* [WORK TASK]: Leaving out the images, repeat all the lines below exactly.

Dataset items:
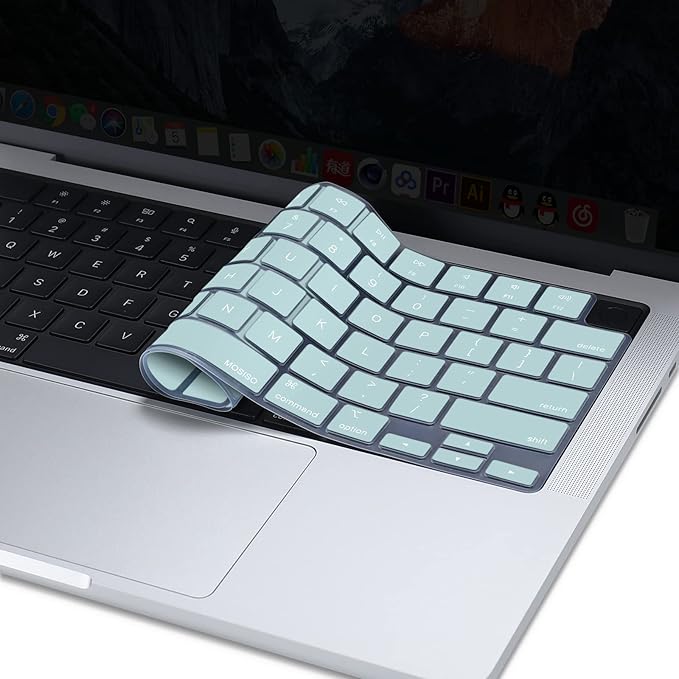 MOSISO Keyboard Cover Skin Compatible with MacBook Air 15 inch M3 A3114 M2 A2941/Air 13.6 A3113 A2681/Pro 14/16 M4 M3 M2 M1, Water Cyan
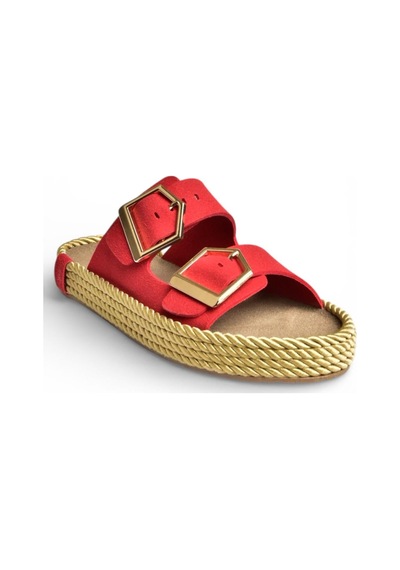 Fox Shoes U596030202 Kırmızı Süet Kadın Terlik Kırmızı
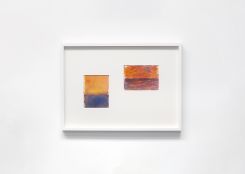 “Horizons, setting sun,” watercolors by Christine Safa, 2025. Courtesy of the artist and Galerie Lelong.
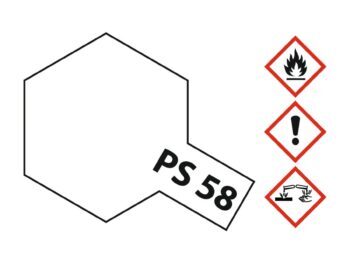 De afbeelding toont een wit zeshoekig vlak met een uitstekend deel waarop 'PS 58' staat. Rechts daarvan staan drie gevaarsymbolen: een vlam, een uitroepteken en een symbool voor corrosie.
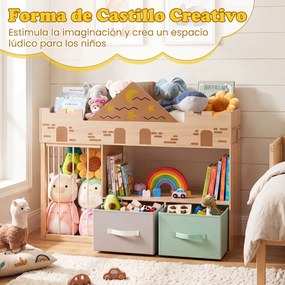 Estante Infantil em Forma de Castelo, 111 x 40 x 92 cm, Arrumação para Livros e Brinquedos, Natural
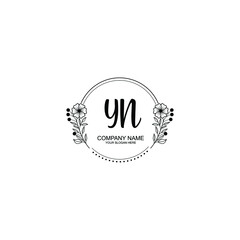 Initial YN Handwriting, Wedding Monogram Logo Design, Modern Minimalistic and Floral templates for Invitation cards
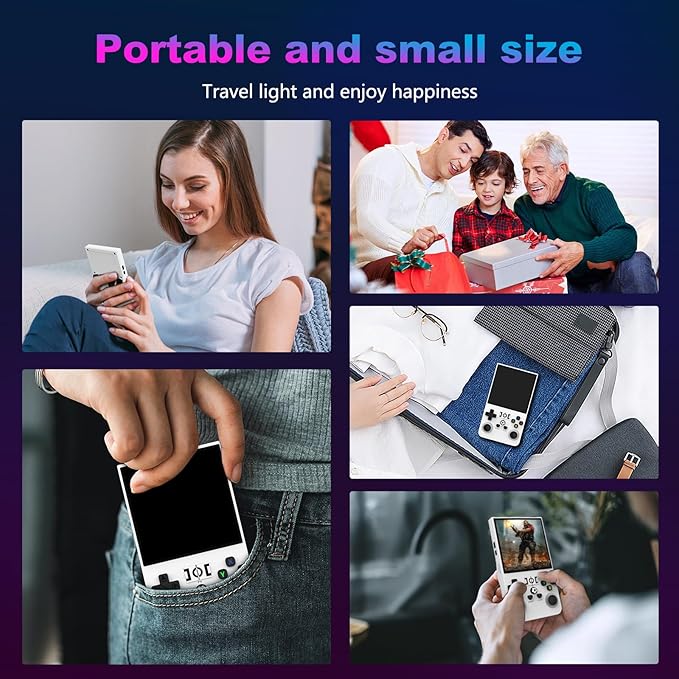 R36MAX Retro Handheld Game Console, 4.0 Inch 720x720 IPS Screen, 64GB Built-in 18,000+ Classic Game, Portable Hand Held Open Source Linux System, 4000mAh Battery Retro Gaming Console(White 64GB)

* [TASK ANSWER]:
 MOSISO Keyboard Cover Skin Compatible with MacBook Air 15 inch M3 A3114 M2 A2941/Air 13.6 A3113 A2681/Pro 14/16 M4 M3 M2 M1, Water Cyan
 Fox Shoes U596030202 Kırmızı Süet Kadın Terlik Kırmızı
 “Horizons, setting sun,” watercolors by Christine Safa, 2025. Courtesy of the artist and Galerie Lelong.
 De afbeelding toont een wit zeshoekig vlak met een uitstekend deel waarop 'PS 58' staat. Rechts daarvan staan drie gevaarsymbolen: een vlam, een uitroepteken en een symbool voor corrosie.
 Estante Infantil em Forma de Castelo, 111 x 40 x 92 cm, Arrumação para Livros e Brinquedos, Natural
 Initial YN Handwriting, Wedding Monogram Logo Design, Modern Minimalistic and Floral templates for Invitation cards
 R36MAX Retro Handheld Game Console, 4.0 Inch 720x720 IPS Screen, 64GB Built-in 18,000+ Classic Game, Portable Hand Held Open Source Linux System, 4000mAh Battery Retro Gaming Console(White 64GB)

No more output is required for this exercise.